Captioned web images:
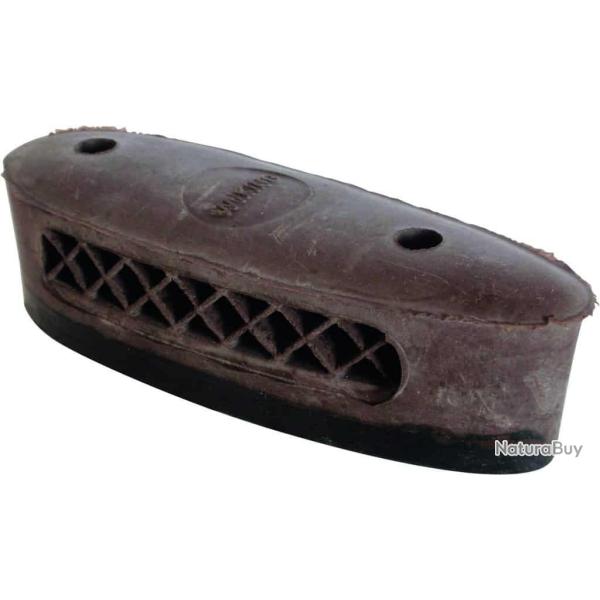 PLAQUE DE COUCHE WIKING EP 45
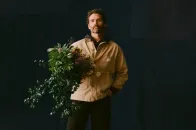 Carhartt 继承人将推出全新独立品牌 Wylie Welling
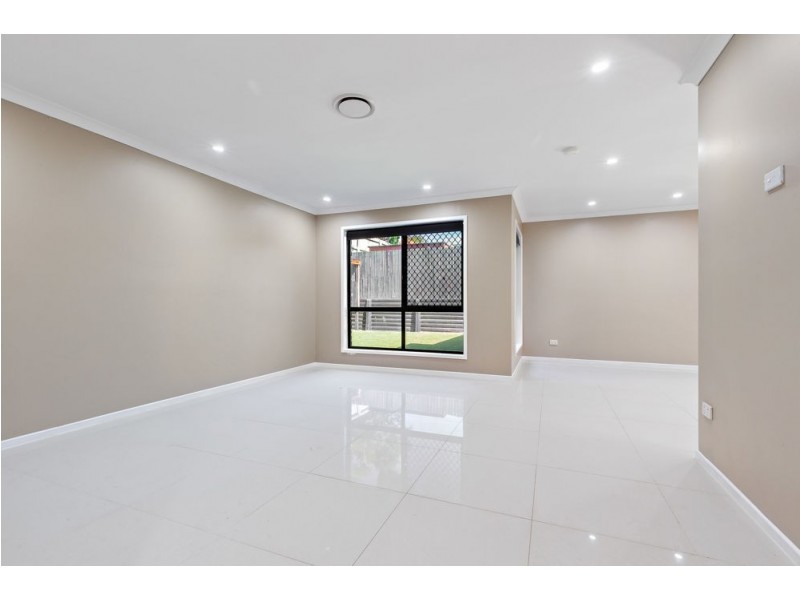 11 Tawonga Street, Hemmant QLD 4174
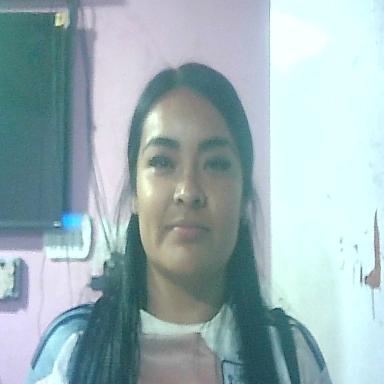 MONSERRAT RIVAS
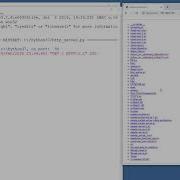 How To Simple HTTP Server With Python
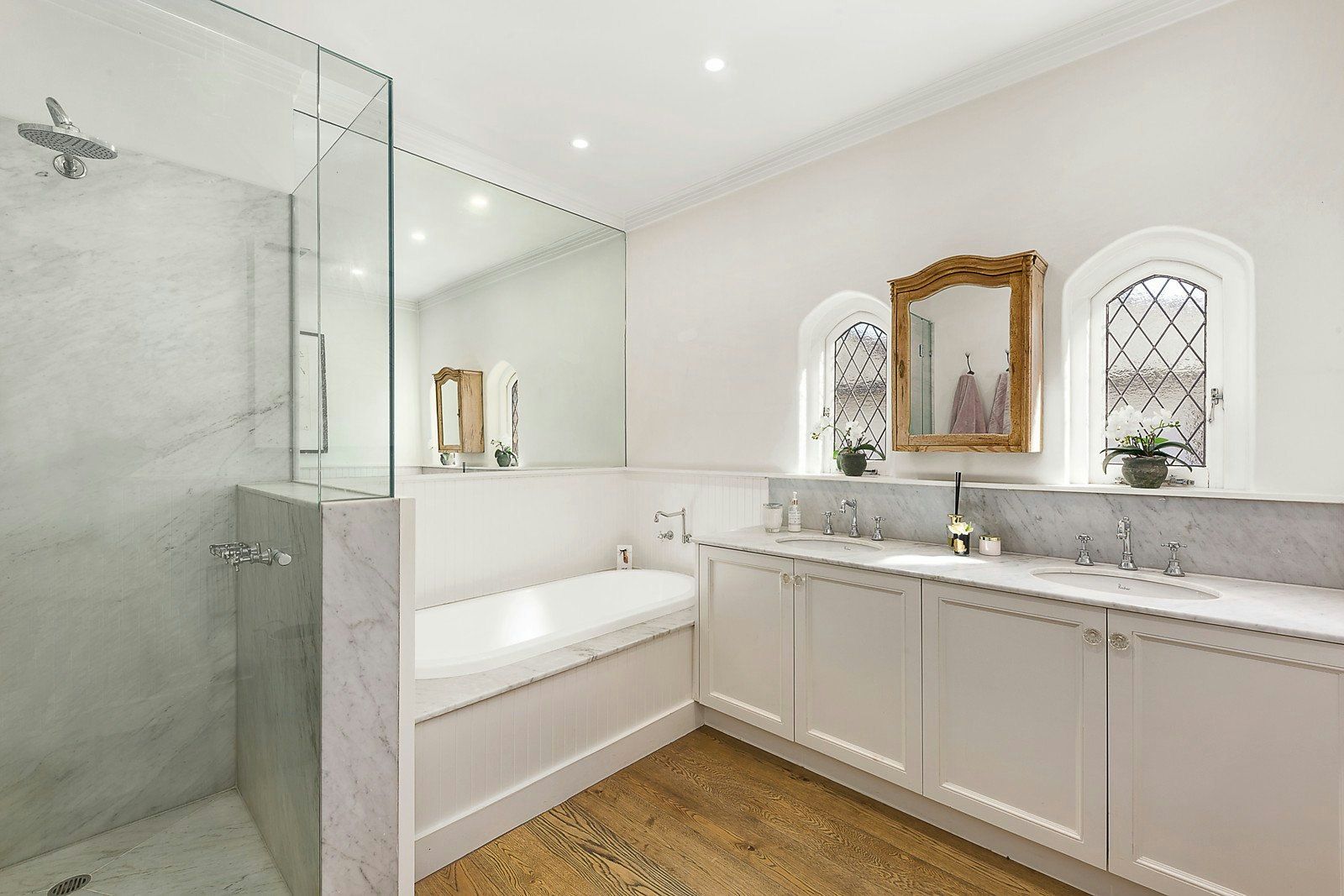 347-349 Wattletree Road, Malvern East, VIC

Your assignment: Give back every record above exactly as written, skipping each picture.

Answer for the task:
 PLAQUE DE COUCHE WIKING EP 45
 Carhartt 继承人将推出全新独立品牌 Wylie Welling
 11 Tawonga Street, Hemmant QLD 4174
 MONSERRAT RIVAS
 How To Simple HTTP Server With Python
 347-349 Wattletree Road, Malvern East, VIC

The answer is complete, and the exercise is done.